En Off | La démocratie sous contrôle parental au PJD

À quoi sert un militant s’il ne peut pas militer ?

À Rabat, Abdelilah Benkirane a rappelé à son camarade Abdelaziz Aftati que la politique n’est pas un sport individuel. Après la signature d’une lettre ouverte adressée au roi en soutien au mouvement Génération Z/212, le secrétaire général du PJD a sifflé la fin de la récréation : “Si tu sors du rang, ce n’est pas au nom du parti.”

RABAT – Al Ousboue

Autrement dit : Aftati joue en solo, mais le maillot reste collectif. Benkirane a insisté : aucun mandat, aucune validation, aucune bénédiction. Bref, initiative personnelle, responsabilité personnelle, et surtout pas de contagion.

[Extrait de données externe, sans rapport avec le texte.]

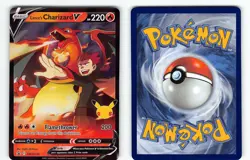 LANCE'S CHARIZARD V SWSH133 PROMO SWSH BLACK STAR POKEMON NM - Image 1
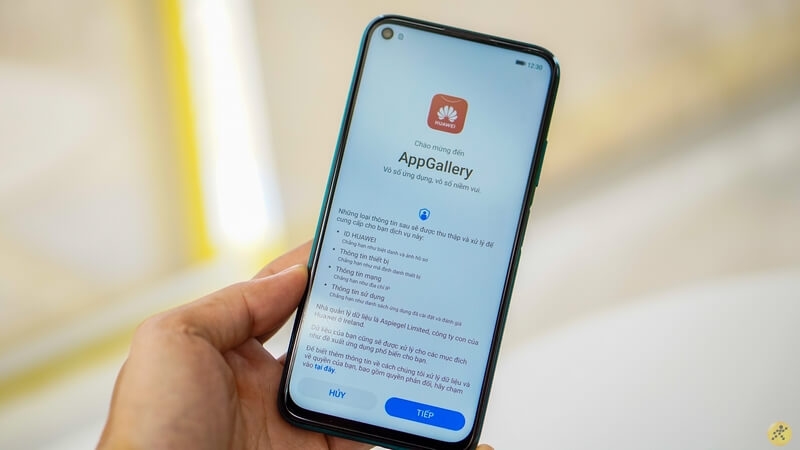 Điện Thoại Huawei Nova 7i (8GB/128GB) 7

Le message est clair : au PJD, la discipline interne est une ligne rouge. Les membres sont priés de ne pas improviser, sauf si le script a été validé par le bureau politique. Résultat : un parti qui se dit démocratique mais qui fonctionne comme une caserne, où l’initiative individuelle est tolérée… à condition d’être autorisée.

Cet épisode illustre une fois de plus les fractures internes : d’un côté, ceux qui veulent surfer sur les nouvelles formes d’expression citoyenne ; de l’autre, ceux qui préfèrent verrouiller la ligne et contrôler chaque virgule. Entre liberté d’initiative et centralisme disciplinaire, le PJD continue de marcher sur un fil… sans filet.